Der Gewinner der gestrigen Parlamentswahl in Moskau durfte offiziell gar nicht antreten. Korruptionsaktivist Alexei Nawalny ist wegen umstrittenen Gerichtsurteilen als Kandidat von Wahlen ausgeschlossen.
Erfolg durch «Kluges Wählen»
Dennoch prangt heute das Gesicht des 43-jährigen unter der Schlagzeile «Das Moskauer Parlament wird schlau» auf der Frontseite von einer der einflussreichsten Zeitungen des Landes «Wedomosti». Eine Anspielung auf den Erfolg von Nawalnys Strategie «Kluges Wählen», unter welcher er dazu aufgerufen hatte, an der Urne gezielt gegen Putins Partei «Einiges Russland» zu stimmen.
Die Schlagzeile der Zeitung fasst zusammen was das Wahlergebnis in Moskau bedeutet: Die bisherigen Methoden des Kremls zum Erhalt des eigenen Machtmonopols haben sich überlebt.
Unangenehme Zeiten brechen an
Auch wenn die Regierungspartei nach wie vor die Mehrheit aller Sitze im Parlament für sich in Anspruch nehmen kann, so ist der Verlust von 13 Sitzen für eine Partei, die fast uneingeschränkt auf staatliche Ressourcen zugreifen kann, eine schwere Niederlage.
Unangenehm dürften vor allem vier neue Amtsträger der liberalen Oppositionspartei «Jabloko» werden, wie etwa die 28-jährige Daria Besedina. Auf Twitter kündigte sie nach ihrem Wahlsieg an, während der ersten Sitzung des Parlaments dessen Auflösung zu fordern. Denn von fairen Wahlen könne keine Rede sein, ist Besedina überzeugt, da fast alle anderen Kandidaten der Opposition im Vorfeld ausgeschlossen worden seien.
Eine Mehrheit wird Besedina nicht hinter sich versammeln können, dennoch kann «Einiges Russland» die demokratische Konkurrenz nicht vollständig ignorieren.
Ein Resultat mit Signalwirkung
Über das gesamte Land gesehen hat sich «Einiges Russland» am gestrigen Wahltag in den meisten Positionen halten können. Doch die Schlappe der Regierungspartei in Moskau wird in allen Regionen Russlands wahrgenommen.
Der Parteivorsitzende, Dmitri Medwedew, mag sich nach aussen unbeeindruckt zeigen mit den Worten: «Die Partei bleibt die führende politische Kraft». Doch eine Partei, deren Ruf so schlecht ist, dass kein einziger Kandidat sich getraut hat unter dem Logo der Partei in der Hauptstadt zur Wahl anzutreten, ist nicht einmal mehr eine Hülle ihrer selbst.
Das Resultat an Moskaus Urnen zeigt nicht in erster Linie die grosse Zustimmung der Bevölkerung für die Opposition, sondern die Schwäche der Regierungspartei und ihrer Führung.

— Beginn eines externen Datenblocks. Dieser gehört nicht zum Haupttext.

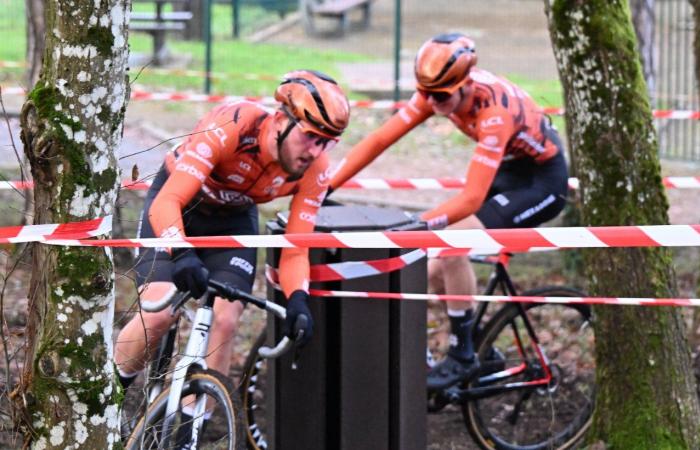 Ciclocross: William Millat por delante de su hermano Adrien en las alturas de Le Creusot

Angeschlagen vor dem grössten Rennen
Hinter den Kulissen dürften die Berater von Präsident Putin die Wahlresultate mit Sorge mitverfolgt haben. Wenn der Regierung nicht ein kleines Wirtschaftswunder gelingt, stehen die Aussichten für die Parlamentswahlen auf nationaler Ebene in zwei Jahren schlecht.

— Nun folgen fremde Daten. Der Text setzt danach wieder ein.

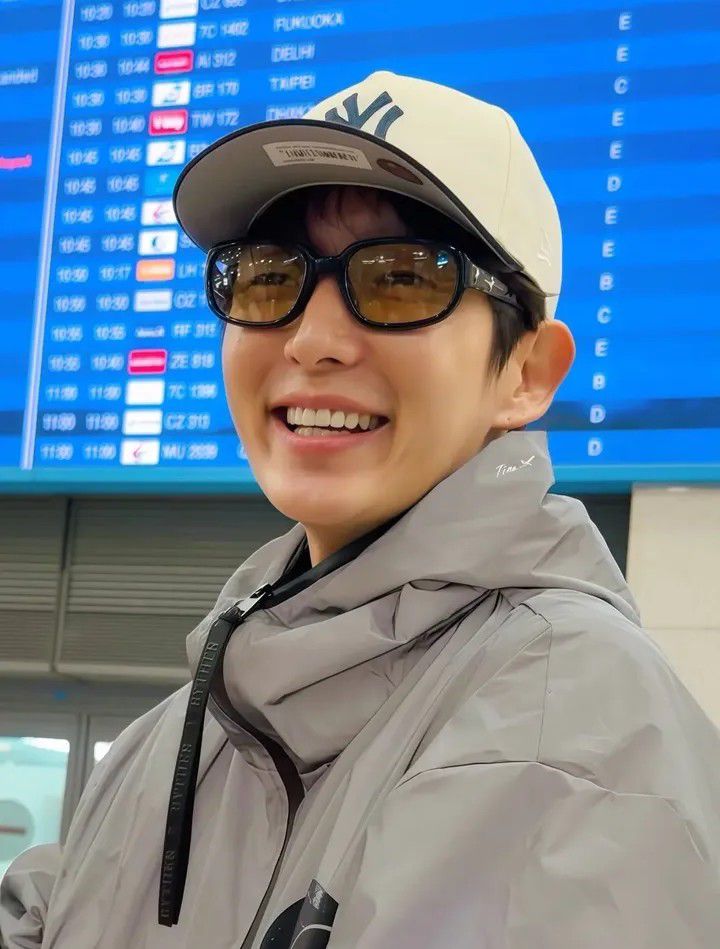 Latest photo of Lee Joongi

Der Unmut liess sich bei der gestrigen Wahl von der Opposition in der Hauptstadt wirkungsvoll kanalisieren, doch wirklich schlecht ist die Stimmung fern der Hauptstadt. Oppositionsparteien, die der Kreml dort bis anhin kontrollierte, dürften die Morgenluft aus Moskau wittern.